Viracopos International Airport is one of the busiest airports in Brazil. It is located about 22km away from the city of Campinas, a major trade and technology hub for the country. The airport was established in the 1930s but formally got its operational permit in October 1960, with renovations to accommodate intercontinental flights.

The airport serves more than seven million passengers, recording nearly 100,000 aircraft movements annually. It handles 250,000mt of cargo.

Since 1978 the airport has been under the administration of Infraero. In February 2012, the Brazil Airports Consortium, consisting of TPI Triunfo Participacoes e Investimentos SA, UTC Holdings SA and France’s EGIS Airport Operation, was awarded a 30-year concession for operating and maintaining the airport. The consortium won the bid for $3.8bn.

In the 1970s the Viracopos International Airport served as the main airport for São Paulo as the runway of São Paulo airport was too short to operate intercontinental planes.

Airport expansion plans in time for the FIFA World Cup

"The Brazil Airport Consortium will spend a minimum of $5.06bn in the 30 years concession period towards the airport’s improvements."

In December 2011, Laghi Engenharia was appointed by Infraero to carry out preliminary analysis and formulate basic designs for the expansion of the passenger terminal from 190,051m² to 568,596m². The expansion is planned to be completed by the end of 2013, to meet the anticipated growth in passenger traffic during the FIFA World Cup 2014 to be held in Brazil.

The Brazil Airport Consortium will spend a minimum of $5.06bn in the 30 years concession period towards the airport’s improvements.
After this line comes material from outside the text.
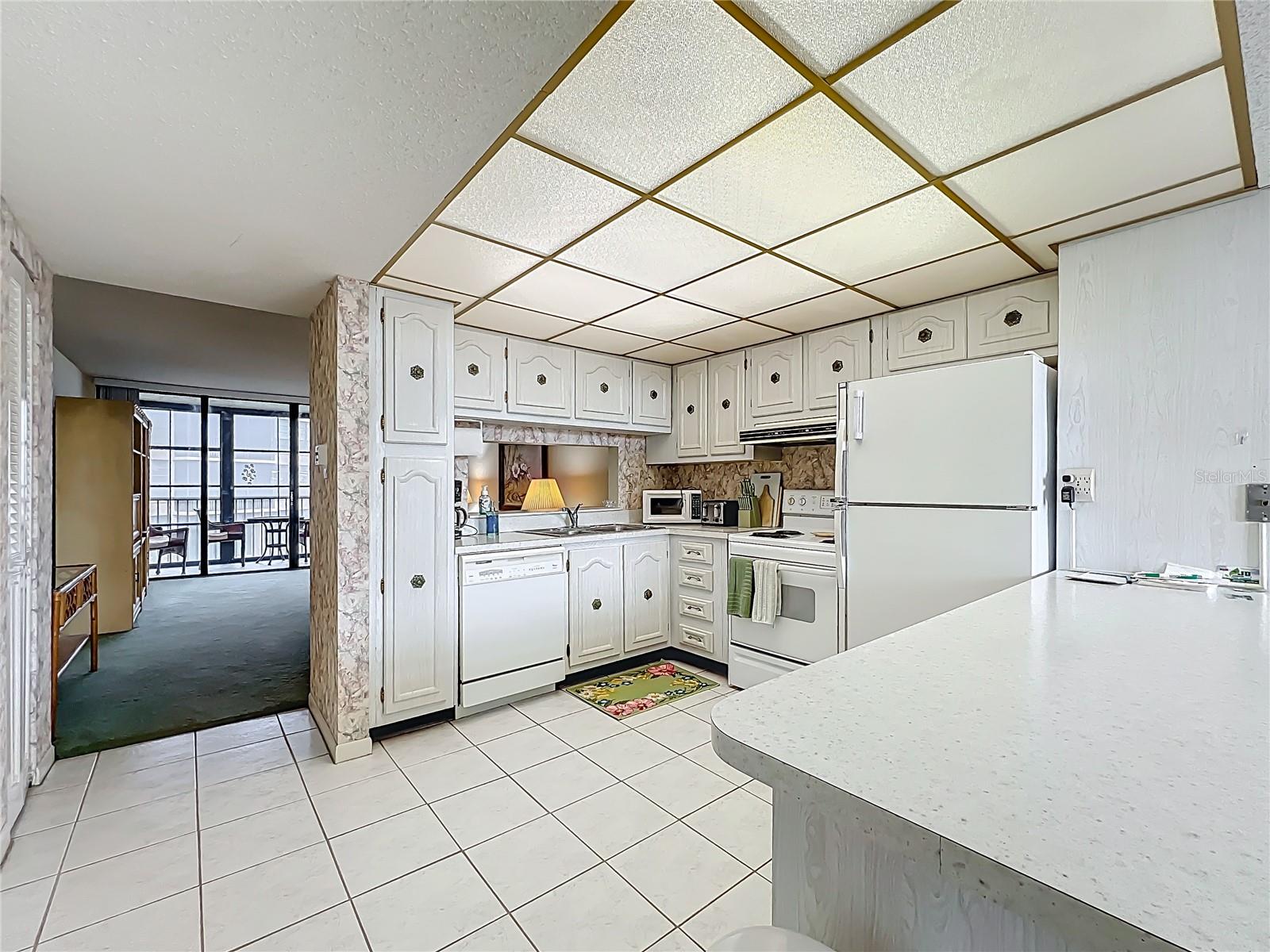 Image 3 of 47 For 17580 Gulf Boulevard 219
There is also a minimum amount specified that must be invested before the FIFA World Cup 2014. A new terminal, a runway and a parking lot are planned to be constructed at the airport.
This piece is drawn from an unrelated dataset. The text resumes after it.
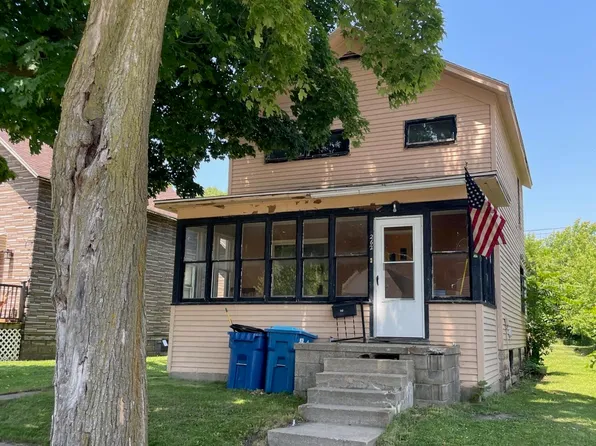 262 5th St, Manistee, MI 49660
The logistics complex at the airport will also be expanded from 77,400m² to 177,000m² in two phases. The first phase will involve construction of a live cargo terminal and a restricted cargo terminal. The second phase will expand the national and international cargo areas and involve the building of a new 10,000m² courier cargo terminal.
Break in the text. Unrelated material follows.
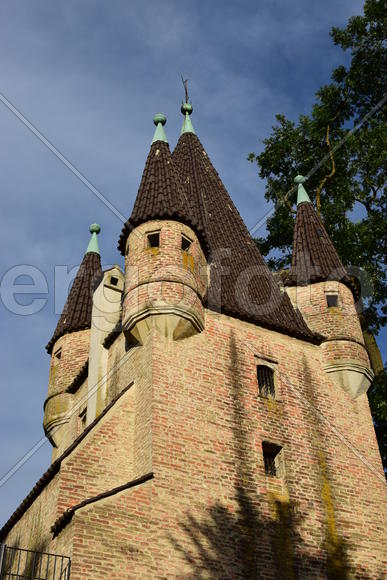 Германия, Аугсбург, Замок с высокими башнями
Campinas economic growth key to Viracopos renovations

Recognising the growth in the economy of Campinas and cargo trade at the airport, Infraero framed a master plan in 1995 to renovate the terminal building and improve cargo facilities.

"The Viracopos International Airport is the second busiest cargo airport in Brazil and the largest in Latin America."

Phase one of the project was completed in 2004, adding a new passenger arrival and departure lounge, a new cargo terminal and commercial concessions.

Phase two of the project, which was completed in 2005, involved the installation of a new air traffic control tower, expansion of the cargo storage and processing facilities, plus renovation of the passenger terminal.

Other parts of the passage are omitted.